All of those Medicaid proponents might want to answer this simple question when they rail about expanding Medicaid to the uninsured: Who pays?
Here's the answer: Everyone who is employed pays. The more Washington borrows and pays in interest, the less capital there is for private investment to fuel the private-sector economy and create jobs — jobs that give unemployed and underemployed the opportunity to boost their standard of living and pay for their own medical insurance.
Unfortunately, the proponents of expanded Medicaid refuse to think of the other side of the coin: Someone must pay.
It's a lousy system
There's another aspect to the expanded Medicaid argument that its proponents neglect to reconcile: Medicaid typically is lousy.
In a book called “The Economics of Medicaid,” co-author Jason Fichtner, a senior research fellow at the Mercatus Center at George Mason University, writes:
“An ideal health care system will provide better health to more people at lower cost on a continuous basis.

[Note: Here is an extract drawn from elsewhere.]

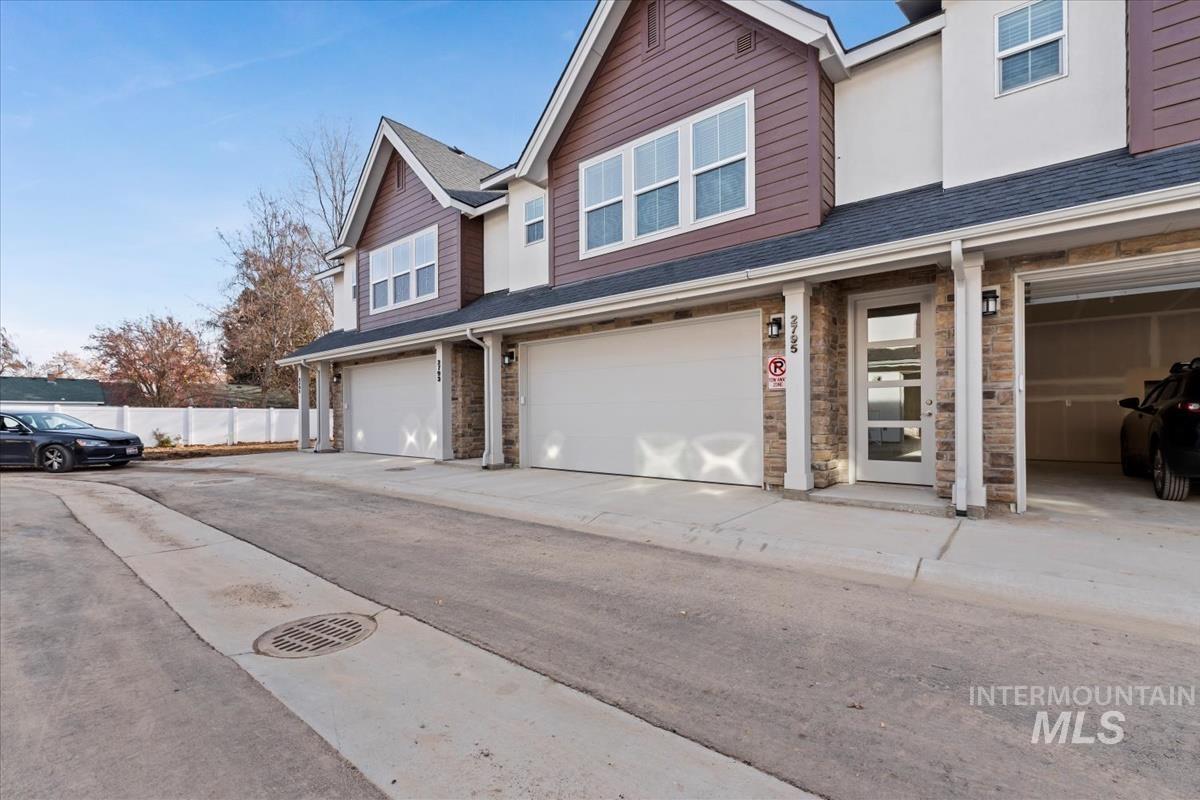 Traditional-style house with stone siding, a garage, and a shingled roof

By this standard, Medicaid is an abject failure. For lower-income Americans, Medicaid yields poor coverage, poor care and poor medical outcomes ... It is a pennywise-and-pound-foolish program that, paradoxically, sends costs soaring by underpaying providers. And the coverage, care and cost elements show little or no improvement over time.”

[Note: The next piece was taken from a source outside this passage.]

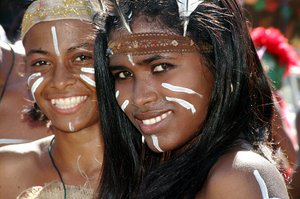 Dominican girls at carnival in Ta�no garments and makeup (2005).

In his chapter entitled “Medicaid and Health,” Fichtner provides ample empirical evidence showing the uncorrectable flaws of Medicaid:
• Because of low reimbursement rates to doctors, many providers do not accept Medicaid patients, and more and more physicians are declining to treat Medicaid patients at all.

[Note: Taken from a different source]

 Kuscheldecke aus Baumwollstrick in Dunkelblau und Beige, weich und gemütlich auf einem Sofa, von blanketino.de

This creates a shortage of doctors who are trying to satisfy excess demand. One result: rationing. This occurs by long wait times, the frustration of which pushes Medicaid enrollees to use hospital emergency rooms or to drop out of Medicaid altogether.
• Poor medical outcomes are widespread. Fichtner cited seven university studies showing Medicaid enrollees had worse medical outcomes and results than individuals who had private insurance.
The “most damning” of all the studies was the one known as the Oregon Experiment.
“In 2008,” Fichtner reports, “Oregon expanded its Medicaid program. Approximately 90,000 people applied for 30,000 newly available slots, and the state used a lottery to choose who got in and who did not. Afterward, the state tracked the health of 6,387 adults who were chosen and 5,842 who were not.
“From a standpoint of physical health,” Fichtner writes, “the results were devastating: 'This randomized, controlled study showed that Medicaid coverage generated no significant improvements in measured physical health outcomes in the first two years, but it did increase use of health care services, raise rates of diabetes detection and management, lower rates of depression and reduce financial strain. Supporters of Medicaid point to positives that follow the word 'but' in the preceding sentence.
“None of this evidence suggests that Medicaid harms its enrollees' overall health ... But the lack of improvement in physical health metrics strongly bolsters the case that whatever its merits, Medicaid is deeply substandard in providing its recipients with health.”
Fichtner concludes his analysis of Medicaid with the following:
“Medicaid was created in 1965 to provide medical coverage for the poor. As is now clear, coverage does not necessarily translate into care, and Medicaid's care does not necessarily translate into better health.
“For the federal and state governments, the program is pricey. For enrollees who navigate Medicaid's labyrinth on the way to care, it is perplexing. And in terms of improving health, it is poor.
“From a moral standpoint, lower-income Americans deserve a better system than the current one, which is pricey, perplexing and poor.”
It shouldn't be difficult to figure out what works better. It's not more government-controlled health care.